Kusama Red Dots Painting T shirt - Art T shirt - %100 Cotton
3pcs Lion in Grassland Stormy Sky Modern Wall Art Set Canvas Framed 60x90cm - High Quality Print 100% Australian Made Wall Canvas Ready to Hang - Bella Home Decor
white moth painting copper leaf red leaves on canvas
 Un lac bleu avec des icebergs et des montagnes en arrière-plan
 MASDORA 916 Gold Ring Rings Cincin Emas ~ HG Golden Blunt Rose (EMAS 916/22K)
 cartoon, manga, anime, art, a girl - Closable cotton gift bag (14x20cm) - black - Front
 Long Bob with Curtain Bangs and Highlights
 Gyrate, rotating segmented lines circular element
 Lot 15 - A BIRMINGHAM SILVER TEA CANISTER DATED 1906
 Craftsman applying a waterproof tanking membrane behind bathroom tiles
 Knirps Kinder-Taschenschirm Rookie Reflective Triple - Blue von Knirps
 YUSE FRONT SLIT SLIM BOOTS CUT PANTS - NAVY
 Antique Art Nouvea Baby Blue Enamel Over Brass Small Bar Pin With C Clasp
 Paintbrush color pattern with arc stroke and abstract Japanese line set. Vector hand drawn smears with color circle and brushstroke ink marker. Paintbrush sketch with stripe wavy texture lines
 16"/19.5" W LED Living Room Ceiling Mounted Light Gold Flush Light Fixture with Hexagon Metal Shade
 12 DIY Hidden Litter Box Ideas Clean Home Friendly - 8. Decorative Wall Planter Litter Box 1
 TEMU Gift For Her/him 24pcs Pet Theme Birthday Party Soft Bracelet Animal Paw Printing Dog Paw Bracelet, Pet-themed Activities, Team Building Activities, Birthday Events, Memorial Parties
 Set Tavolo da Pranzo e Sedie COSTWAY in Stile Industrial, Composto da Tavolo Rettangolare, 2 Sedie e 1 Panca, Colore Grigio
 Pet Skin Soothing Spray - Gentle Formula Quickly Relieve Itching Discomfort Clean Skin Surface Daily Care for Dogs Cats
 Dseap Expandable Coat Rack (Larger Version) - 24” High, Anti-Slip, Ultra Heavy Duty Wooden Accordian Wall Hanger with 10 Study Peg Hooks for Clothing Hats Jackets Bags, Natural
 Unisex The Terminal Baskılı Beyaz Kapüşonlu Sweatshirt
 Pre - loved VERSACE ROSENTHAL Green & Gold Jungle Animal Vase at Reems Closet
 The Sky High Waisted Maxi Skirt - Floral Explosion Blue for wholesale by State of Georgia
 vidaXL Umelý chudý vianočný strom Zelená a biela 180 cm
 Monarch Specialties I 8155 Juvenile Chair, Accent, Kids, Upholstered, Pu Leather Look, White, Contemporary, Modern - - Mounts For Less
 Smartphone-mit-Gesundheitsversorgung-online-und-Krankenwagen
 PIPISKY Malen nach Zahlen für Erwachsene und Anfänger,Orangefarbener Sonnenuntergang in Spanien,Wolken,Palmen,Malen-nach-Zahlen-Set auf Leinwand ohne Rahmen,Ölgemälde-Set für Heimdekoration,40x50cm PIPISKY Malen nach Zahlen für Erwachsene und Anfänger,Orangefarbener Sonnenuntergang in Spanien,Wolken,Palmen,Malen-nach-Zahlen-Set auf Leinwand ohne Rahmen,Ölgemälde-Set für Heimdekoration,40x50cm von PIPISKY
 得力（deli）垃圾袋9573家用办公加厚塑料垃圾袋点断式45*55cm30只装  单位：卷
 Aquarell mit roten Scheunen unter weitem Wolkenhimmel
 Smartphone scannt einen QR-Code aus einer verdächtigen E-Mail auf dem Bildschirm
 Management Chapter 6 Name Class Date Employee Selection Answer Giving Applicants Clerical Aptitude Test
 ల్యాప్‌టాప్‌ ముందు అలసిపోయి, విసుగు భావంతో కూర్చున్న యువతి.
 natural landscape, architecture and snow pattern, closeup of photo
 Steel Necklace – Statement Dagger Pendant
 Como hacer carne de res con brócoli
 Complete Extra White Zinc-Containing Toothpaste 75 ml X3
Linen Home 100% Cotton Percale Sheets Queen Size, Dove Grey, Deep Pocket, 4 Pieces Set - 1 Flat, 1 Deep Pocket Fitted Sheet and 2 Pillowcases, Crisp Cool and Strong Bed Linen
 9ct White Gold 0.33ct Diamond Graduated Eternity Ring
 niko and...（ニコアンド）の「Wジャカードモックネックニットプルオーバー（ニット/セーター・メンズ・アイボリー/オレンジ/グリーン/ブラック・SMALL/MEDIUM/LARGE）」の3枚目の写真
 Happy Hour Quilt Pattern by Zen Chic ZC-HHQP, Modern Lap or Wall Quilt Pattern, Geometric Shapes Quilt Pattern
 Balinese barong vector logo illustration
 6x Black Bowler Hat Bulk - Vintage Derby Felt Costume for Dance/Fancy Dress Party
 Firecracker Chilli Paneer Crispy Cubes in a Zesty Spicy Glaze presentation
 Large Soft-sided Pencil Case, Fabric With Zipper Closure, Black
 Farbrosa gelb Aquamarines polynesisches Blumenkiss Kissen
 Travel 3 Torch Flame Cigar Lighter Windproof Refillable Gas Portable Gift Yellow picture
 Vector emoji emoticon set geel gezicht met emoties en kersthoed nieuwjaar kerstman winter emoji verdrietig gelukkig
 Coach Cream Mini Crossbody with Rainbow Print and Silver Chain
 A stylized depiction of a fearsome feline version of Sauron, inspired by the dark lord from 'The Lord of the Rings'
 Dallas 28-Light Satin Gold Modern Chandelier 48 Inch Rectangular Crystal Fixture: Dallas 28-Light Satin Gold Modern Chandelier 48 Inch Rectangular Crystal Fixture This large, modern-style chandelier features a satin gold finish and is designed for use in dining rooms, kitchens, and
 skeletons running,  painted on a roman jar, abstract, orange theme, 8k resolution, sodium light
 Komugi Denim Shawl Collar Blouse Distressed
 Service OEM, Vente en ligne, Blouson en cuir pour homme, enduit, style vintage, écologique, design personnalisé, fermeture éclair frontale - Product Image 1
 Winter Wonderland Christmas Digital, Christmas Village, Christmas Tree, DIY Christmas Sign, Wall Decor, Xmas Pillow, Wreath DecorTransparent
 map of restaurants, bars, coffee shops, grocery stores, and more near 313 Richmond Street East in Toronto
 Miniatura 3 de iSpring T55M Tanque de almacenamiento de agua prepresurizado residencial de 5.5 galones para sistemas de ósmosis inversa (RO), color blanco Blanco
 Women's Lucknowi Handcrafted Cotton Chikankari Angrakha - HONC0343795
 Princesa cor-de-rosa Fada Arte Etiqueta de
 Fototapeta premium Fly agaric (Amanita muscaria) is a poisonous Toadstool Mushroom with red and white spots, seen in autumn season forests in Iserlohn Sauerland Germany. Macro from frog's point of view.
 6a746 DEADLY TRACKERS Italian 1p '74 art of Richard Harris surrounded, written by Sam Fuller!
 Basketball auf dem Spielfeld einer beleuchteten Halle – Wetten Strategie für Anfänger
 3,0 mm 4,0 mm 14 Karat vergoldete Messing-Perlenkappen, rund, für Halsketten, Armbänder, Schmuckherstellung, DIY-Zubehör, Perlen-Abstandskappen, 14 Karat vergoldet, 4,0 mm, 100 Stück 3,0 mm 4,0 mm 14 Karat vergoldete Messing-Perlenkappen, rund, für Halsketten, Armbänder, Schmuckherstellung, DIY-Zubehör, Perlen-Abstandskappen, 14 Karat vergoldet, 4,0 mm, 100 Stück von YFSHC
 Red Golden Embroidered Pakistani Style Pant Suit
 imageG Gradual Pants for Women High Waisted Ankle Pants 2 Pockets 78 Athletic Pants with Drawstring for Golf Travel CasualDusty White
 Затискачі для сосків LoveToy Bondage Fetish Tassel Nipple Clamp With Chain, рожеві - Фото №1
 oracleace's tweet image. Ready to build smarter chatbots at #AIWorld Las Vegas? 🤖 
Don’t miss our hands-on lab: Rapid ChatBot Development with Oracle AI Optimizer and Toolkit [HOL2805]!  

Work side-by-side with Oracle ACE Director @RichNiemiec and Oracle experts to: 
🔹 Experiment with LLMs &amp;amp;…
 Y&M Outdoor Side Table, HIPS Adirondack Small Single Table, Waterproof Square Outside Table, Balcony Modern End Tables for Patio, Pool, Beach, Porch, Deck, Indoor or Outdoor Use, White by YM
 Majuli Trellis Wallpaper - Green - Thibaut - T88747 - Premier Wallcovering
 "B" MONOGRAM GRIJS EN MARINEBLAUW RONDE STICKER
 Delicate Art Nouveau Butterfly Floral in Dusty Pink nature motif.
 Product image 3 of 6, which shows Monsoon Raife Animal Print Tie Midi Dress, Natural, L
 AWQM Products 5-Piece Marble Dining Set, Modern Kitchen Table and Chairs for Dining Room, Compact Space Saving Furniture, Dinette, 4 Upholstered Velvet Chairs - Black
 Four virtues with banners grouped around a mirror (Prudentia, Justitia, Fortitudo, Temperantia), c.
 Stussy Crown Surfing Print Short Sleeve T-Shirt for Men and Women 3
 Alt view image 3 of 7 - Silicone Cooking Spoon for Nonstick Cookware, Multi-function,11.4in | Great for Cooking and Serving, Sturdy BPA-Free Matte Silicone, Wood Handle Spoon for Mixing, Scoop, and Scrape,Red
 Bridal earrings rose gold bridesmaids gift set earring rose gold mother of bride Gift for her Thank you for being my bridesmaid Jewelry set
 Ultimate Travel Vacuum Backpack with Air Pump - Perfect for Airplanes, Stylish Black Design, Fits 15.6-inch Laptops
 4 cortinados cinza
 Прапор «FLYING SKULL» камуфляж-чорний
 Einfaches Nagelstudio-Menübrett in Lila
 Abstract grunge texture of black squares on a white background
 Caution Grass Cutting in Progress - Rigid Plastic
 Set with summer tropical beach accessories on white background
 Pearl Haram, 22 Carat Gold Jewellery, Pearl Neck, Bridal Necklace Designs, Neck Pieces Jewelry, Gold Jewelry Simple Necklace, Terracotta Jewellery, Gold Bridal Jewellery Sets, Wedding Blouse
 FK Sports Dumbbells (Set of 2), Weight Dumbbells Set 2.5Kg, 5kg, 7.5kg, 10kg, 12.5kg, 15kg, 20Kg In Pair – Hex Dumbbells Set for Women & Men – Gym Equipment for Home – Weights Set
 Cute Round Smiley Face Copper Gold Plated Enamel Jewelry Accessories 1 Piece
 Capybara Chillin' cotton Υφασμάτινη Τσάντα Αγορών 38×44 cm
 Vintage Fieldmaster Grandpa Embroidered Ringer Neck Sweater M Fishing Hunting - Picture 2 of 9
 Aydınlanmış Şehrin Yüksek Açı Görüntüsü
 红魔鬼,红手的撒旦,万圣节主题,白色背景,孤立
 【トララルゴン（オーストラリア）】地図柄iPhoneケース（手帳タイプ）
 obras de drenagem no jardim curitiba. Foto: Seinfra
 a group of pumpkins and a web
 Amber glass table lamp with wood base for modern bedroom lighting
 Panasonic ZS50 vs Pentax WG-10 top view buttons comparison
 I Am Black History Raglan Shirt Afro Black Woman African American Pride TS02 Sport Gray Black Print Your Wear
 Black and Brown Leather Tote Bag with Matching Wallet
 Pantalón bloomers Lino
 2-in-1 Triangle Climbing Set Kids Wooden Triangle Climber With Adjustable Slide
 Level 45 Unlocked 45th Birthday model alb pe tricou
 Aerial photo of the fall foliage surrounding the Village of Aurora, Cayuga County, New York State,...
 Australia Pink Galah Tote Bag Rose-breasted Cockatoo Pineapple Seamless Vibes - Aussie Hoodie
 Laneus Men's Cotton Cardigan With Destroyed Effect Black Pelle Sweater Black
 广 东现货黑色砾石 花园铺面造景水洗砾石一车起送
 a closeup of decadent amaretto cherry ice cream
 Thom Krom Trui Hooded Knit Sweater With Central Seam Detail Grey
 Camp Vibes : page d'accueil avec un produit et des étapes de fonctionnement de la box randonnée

------------------------------------------------------------------------

## Your objective:
When a line among the entries contains "Upholstered", pull that line out.

## Completed task:
 Monarch Specialties I 8155 Juvenile Chair, Accent, Kids, Upholstered, Pu Leather Look, White, Contemporary, Modern - - Mounts For Less
 AWQM Products 5-Piece Marble Dining Set, Modern Kitchen Table and Chairs for Dining Room, Compact Space Saving Furniture, Dinette, 4 Upholstered Velvet Chairs - Black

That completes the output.